A U.S. Supreme Court ruling on Thursday in the case County of Maui v. Hawaii Wildlife Fund leaves open the possibility the EPA can regulate groundwater.

The high court vacated and returned a ruling to the U.S. Court of Appeals for the Ninth Circuit in San Francisco. The Ninth Circuit previously ruled pollution discharges traveling through groundwater and to a navigable water require Clean Water Act permits, the court said in its opinion.

Writing the majority opinion, Justice Stephen Breyer said releases of pollutants to groundwater that eventually make their way to navigable waters require National Pollutant Discharge Elimination System, or NPDES, permits if they are the “functional equivalent of a direct discharge.”

According to the majority opinion, the key as to whether a discharge is a “functional equivalent” of a discharge focuses on “time and distance.”

The court’s decision may still expose farmers and ranchers to Clean Water Act violations as they relate to groundwater.

Glenn E. Roper, an attorney who wrote an amicus brief in the case for the Pacific Legal Foundation, said the ruling was “disappointing.”

“Although it properly rejected the Ninth Circuit’s overbroad approach, the court’s new ‘functional equivalent’ test is a major misstep,” he told DTN.

“It establishes an imprecise, multi-factor standard that will lead to confusion and uncertainty and will make it difficult for regulated parties to predict whether they must seek a federal permit or face severe penalties. As Justice [Samuel] Alito pointed out in dissent, today’s decision, ‘provides no clear guidance and invites arbitrary and inconsistent application.'”


The National Cattlemen’s Beef Association and other agriculture groups filed an amicus brief in the case, raising concerns farmers and ranchers could be subject to expanded CWA regulation.

NCBA Chief Environmental Counsel Scott Yager told DTN the court’s opinion “leaves a lot of discretion to lower courts and the federal government” to determine which groundwater discharges fall under the Clean Water Act.

“It is highly likely now, in my opinion, that the U.S. EPA will want to develop a rule to implement today’s decision and provide further clarity on what’s in and what’s out,” he said.

“NCBA stands ready to engage in that process as the voice of the cattle industry, as we have through the court battle.”

Joel Johnston, a Denver-based attorney with the law firm Hall Estill who specializes in environmental and regulatory law, said the court’s decision doesn’t provide a clear path.

“My expectation is that this decision does very little to provide clarity for regulated entities, regulators, or environmental groups moving forward,” he said.

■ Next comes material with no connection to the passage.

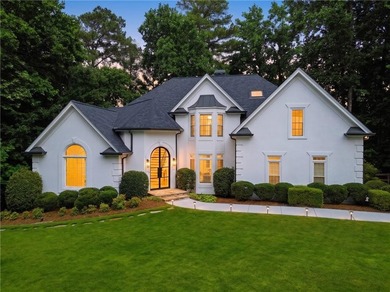 Nestled in a quiet cul-de-sac in the highly desirable, upscale - photo 2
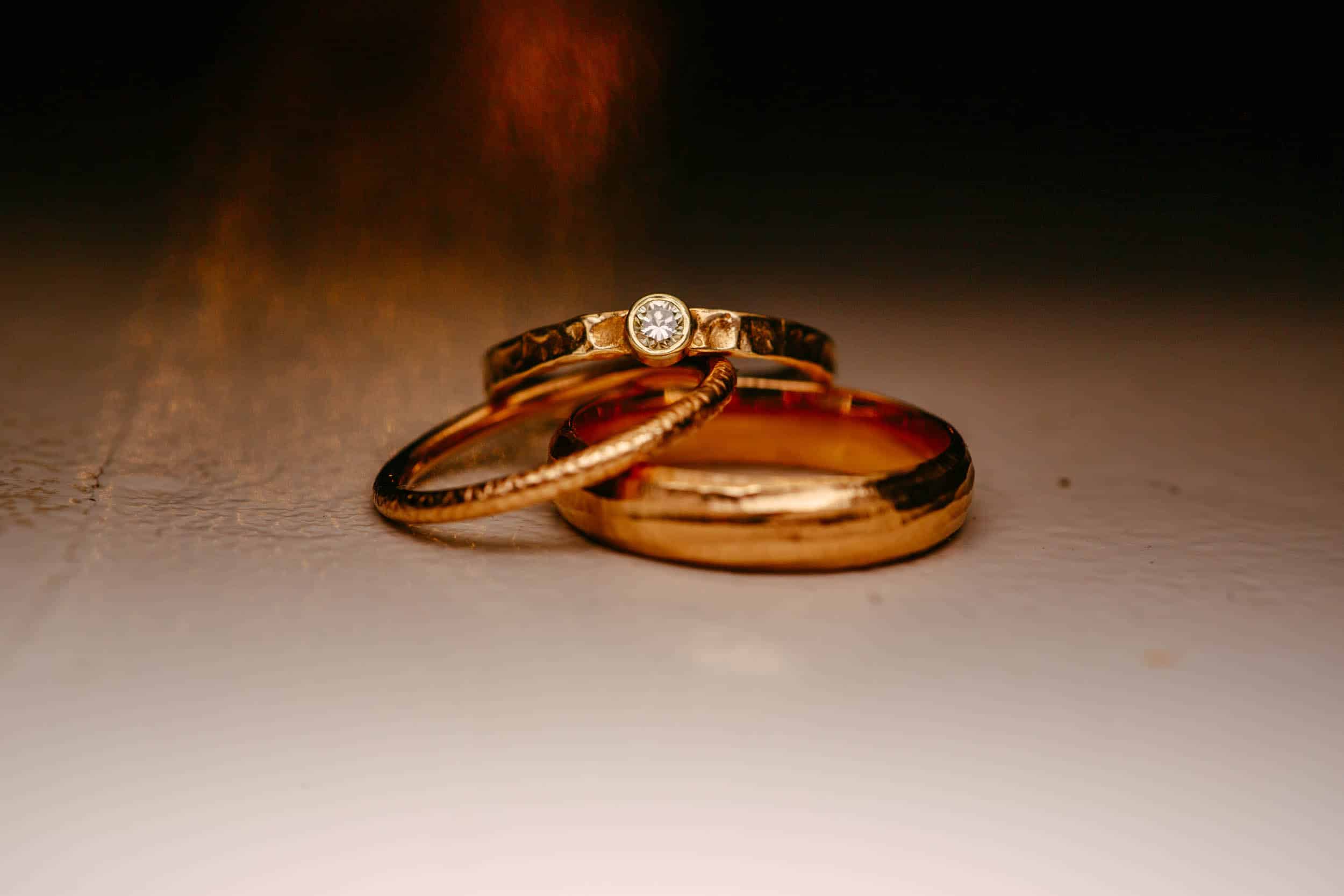 A pair of gold wedding rings on a table.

Time is an important factor, Johnston said, because chemicals survive the environment for a long time and can find their way into navigable waters.

“In such a case, this decision could effectively require a permit,” he said.


In the majority opinion, Breyer said the court has not entirely resolved the legal question.

“Although this interpretation does not present as clear a line as the other interpretations proffered, the EPA has applied the permitting provision to some discharges through groundwater for over 30 years.” the opinion said.

In 2012, several environmental groups sued the County of Maui, arguing the county was discharging a pollutant to navigable waters, the Pacific Ocean, without the permit required by the Clean Water Act.

A district court found effluent from the county’s wells ended up in the ocean and should require a Clean Water Act permit. The court found the pollution’s “path to the ocean is clearly ascertainable” from Maui’s wells into groundwater and to the ocean. The Ninth Circuit affirmed the decision on Feb. 1, 2018.

The Ninth Circuit said the Clean Water Act “does not require that the point source itself convey the pollutants directly into the navigable water” and that pollutants coming from the wells were “fairly traceable.”

During oral arguments before the court in November, an attorney with the U.S. Department of Justice argued the EPA excludes from enforcement all pollution discharges into and through groundwater to navigable waters.

“That reading, which would open a loophole allowing easy evasion of the statutory provision’s basic purposes, is neither persuasive nor reasonable,” the court said in its opinion.

“The reading of the statute that best captures Congress’ meaning, reflected in the statute’s words, structure, and purposes, is that a permit is required when there is a discharge from a point source directly into navigable waters or when there is the functional equivalent of a direct discharge.”

Groundwater currently is regulated at the state level and is not considered to be a pollution point source.

On April 15, 2019, the EPA released an interpretive statement reiterating the agency’s role in groundwater.

The agency said Congress excluded releases of pollutants to groundwater from permitting requirements and “instead left regulation of those releases to the states and EPA’s other statutory authorities.”

EPA said in being “consistent with Congress’ vision for a strong federal state partnership to protect the country’s groundwater resources,” the April 2019 guidance “recognizes the state’s leadership role in protecting groundwater and provides certainty” to states and others who implement and enforce EPA’s federal permitting programs.